INPUT

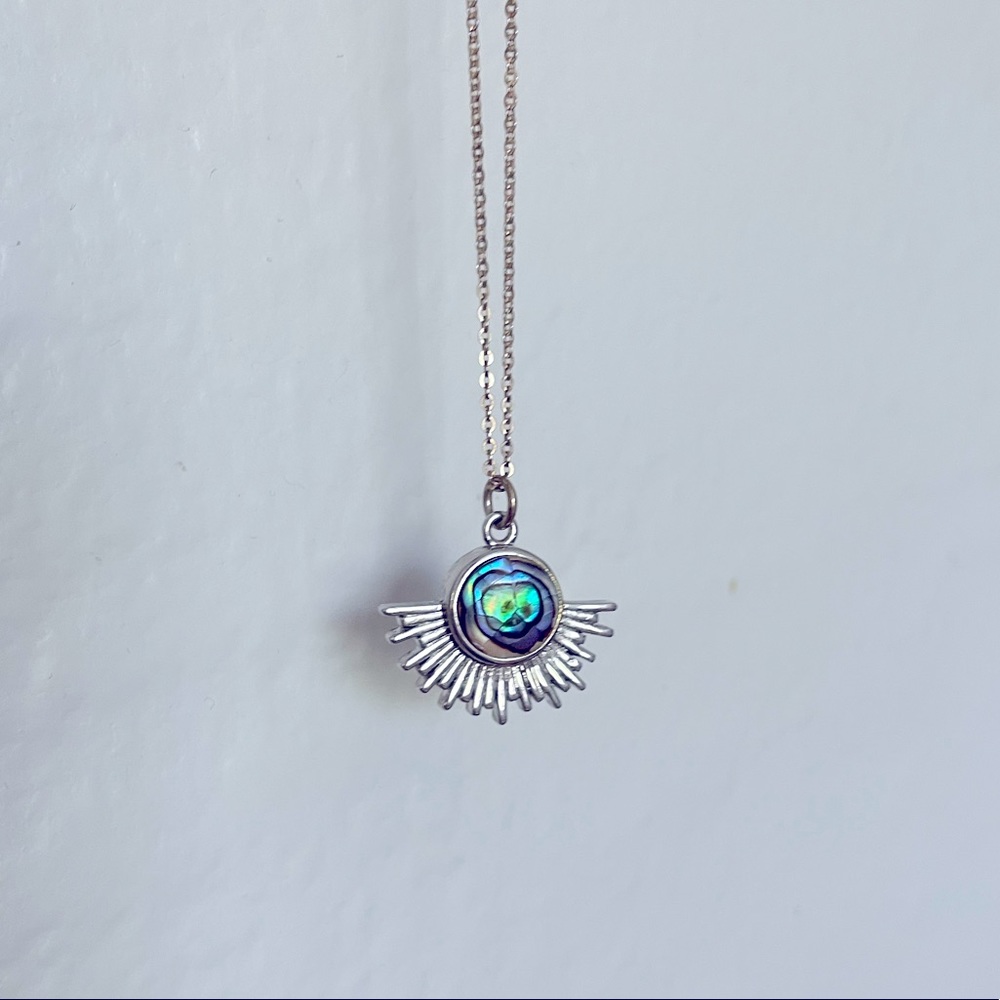 sterling silver half sun necklace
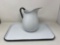 Agateware Pitcher and Tray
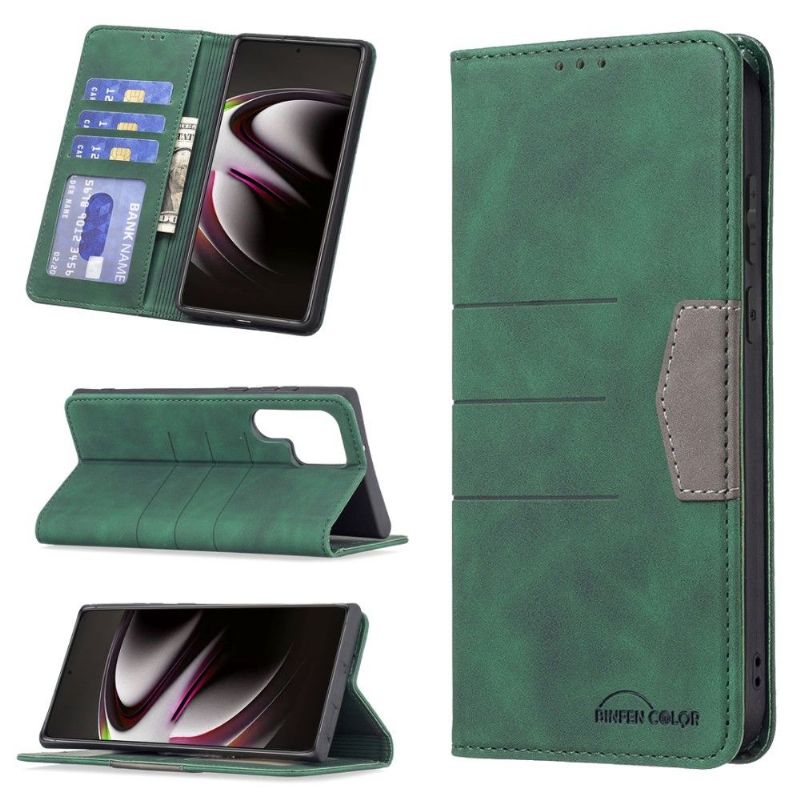 Housse Samsung Galaxy S22 Ultra 5G BINFEN COLOR flip simili cuir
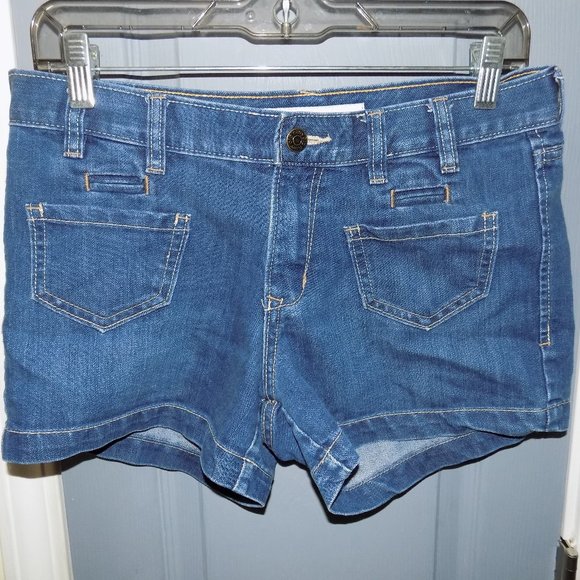 OLD NAVY MID RISE DENIM JEANS MINI SHORT SHORTS - Picture 1 of 3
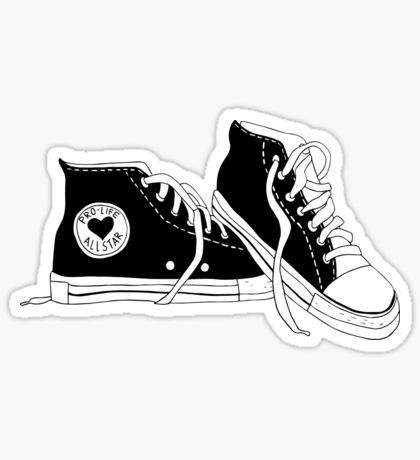 Drawing On Shoes Aesthetic, Converse Drawing On Shoes, Black Converse Aesthetic, Drawing On Shoes, Converse Drawing, Shoes Stickers, Catholic Stickers, Aesthetic Converse, Converse Aesthetic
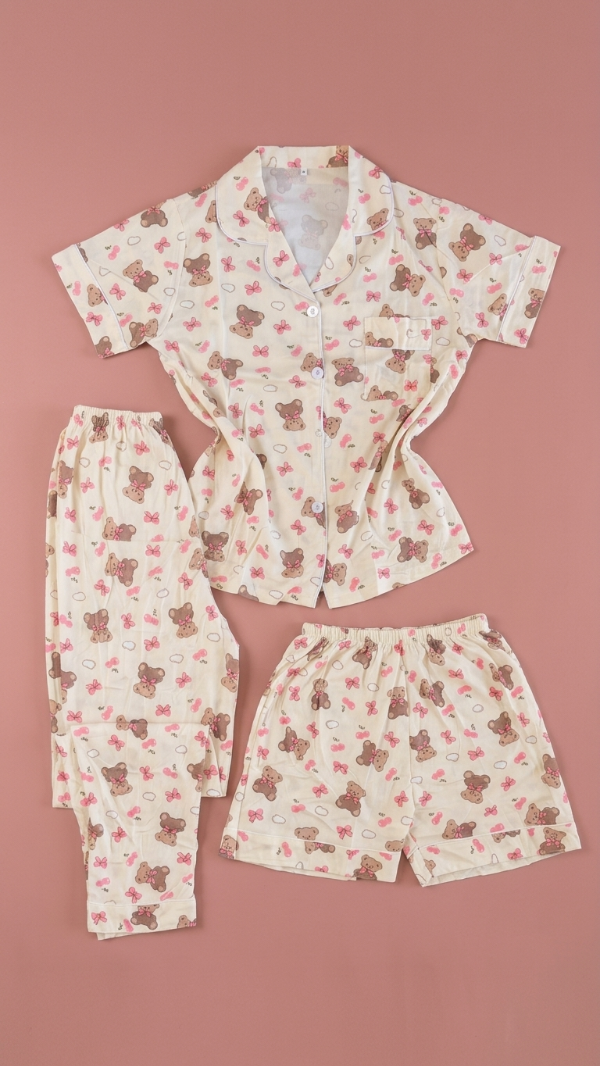 Producto - Pijama Ositos cerezas - 0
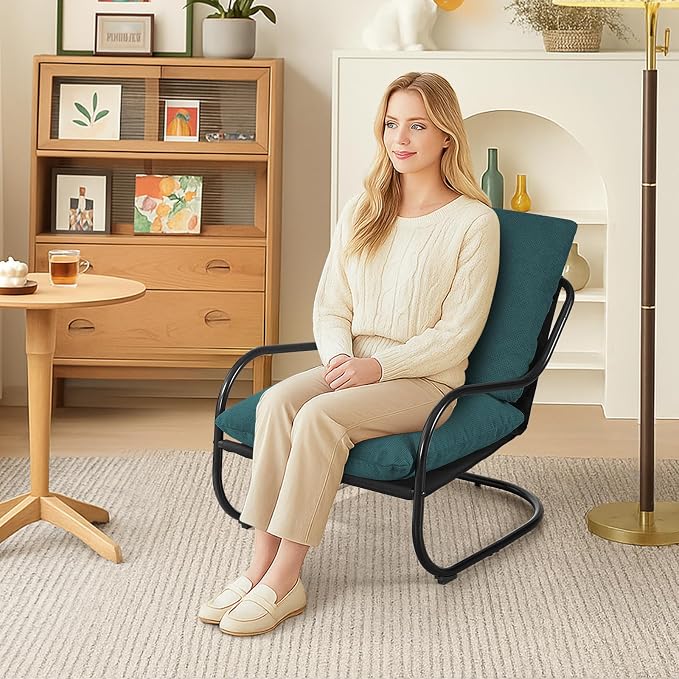 Peace nest Modern Accent Chair, Soft Upholstered Armchair - Image 7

WORK TASK
Repeat exactly the lines from the first line of the records above through the line containing "Producto - Pijama Ositos cerezas - 0", leaving out the pictures.

EXERCISE OUTPUT
 sterling silver half sun necklace
 Agateware Pitcher and Tray
 Housse Samsung Galaxy S22 Ultra 5G BINFEN COLOR flip simili cuir
 OLD NAVY MID RISE DENIM JEANS MINI SHORT SHORTS - Picture 1 of 3
 Drawing On Shoes Aesthetic, Converse Drawing On Shoes, Black Converse Aesthetic, Drawing On Shoes, Converse Drawing, Shoes Stickers, Catholic Stickers, Aesthetic Converse, Converse Aesthetic
 Producto - Pijama Ositos cerezas - 0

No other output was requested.